If so, then more MP is still a valid pursuit - not least of which for cropping flexibility.

raven15
03-28-2009, 11:22 PM
Interesting debate, however doesn't down-sampling a higher MP image to a lower MP overcome the inherent noise disadvantage one gets with a high MP camera?.

I've wondered that too, is noise actually getting worse on the image scale?. But it does seem to me that extra megapixels decrease dynamic range, which I consider to a more pressing need because it affects every shot. Since about 90% of all pictures taken are at ISO 400 or less anyhow, I think less noise in 10% is secondary to improving the dynamic range and color "depth" of the other 90%, so staying at fewer megapixels would be beneficial in those areas.

Rooz
03-29-2009, 01:40 AM
.

I've wondered that too, is noise actually getting worse on the image scale?. But it does seem to me that extra megapixels decrease dynamic range, which I consider to a more pressing need because it affects every shot. Since about 90% of all pictures taken are at ISO 400 or less anyhow, I think less noise in 10% is secondary to improving the dynamic range and color "depth" of the other 90%, so staying at fewer megapixels would be beneficial in those areas.
i wouldnt say 90%, not for me anyway, i reckon more like 60% for me. 90% under 800 is more about right. but i agree with your point. i'd much prefer to have more work on the quality of the under 400 iso than get a little better at the over 3200.

raven15
03-29-2009, 06:04 AM
i wouldnt say 90%, not for me anyway, i reckon more like 60% for me. 90% under 800 is more about right. but i agree with your point. i'd much prefer to have more work on the quality of the under 400 iso than get a little better at the over 3200.

ISO 800, ISO 400, whatever ;).

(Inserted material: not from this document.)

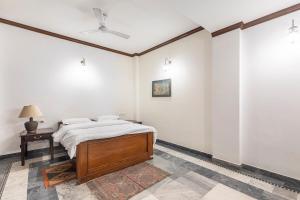 Forest Lane 1000 sq ft monuments view apartment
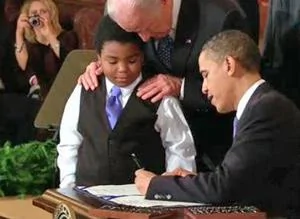 奥巴马以左手用22支笔签署医改法案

As you agreed, the point is that more megapixels don't have a detrimental effect on high ISO in particular, so much as a broad detrimental effect at all ISO's (which is not as easy to quantify), of which lower ISO's are merely the most commonly used by a wide margin.

(I actually can't tell though, do you mean under ISO400 and under ISO800, or ISO400 and under and ISO800 and under? Not that it makes much difference).

JFOPie
03-29-2009, 01:56 PM
.

I've wondered that too, is noise actually getting worse on the image scale?. But it does seem to me that extra megapixels decrease dynamic range, which I consider to a more pressing need because it affects every shot. Since about 90% of all pictures taken are at ISO 400 or less anyhow, I think less noise in 10% is secondary to improving the dynamic range and color "depth" of the other 90%, so staying at fewer megapixels would be beneficial in those areas.

Hi -

Long time lurker, first time poster. :-)

It's not so much that the extra MP decrease dynamic range, but much more that putting a larger number of pixels in the same space decreases dynamic range. It has everything to do with the physical size of the sensor array components and how they process information.

Packing more and more sensor elements into the array of a given size means that the sensor elements, given the current technology, will be smaller and less able to respond to the quanta energy we call light. If anything, less noise and fewer artifacts should be the way that Olympus will turn the 4/3 system sensors into the sensor of choice.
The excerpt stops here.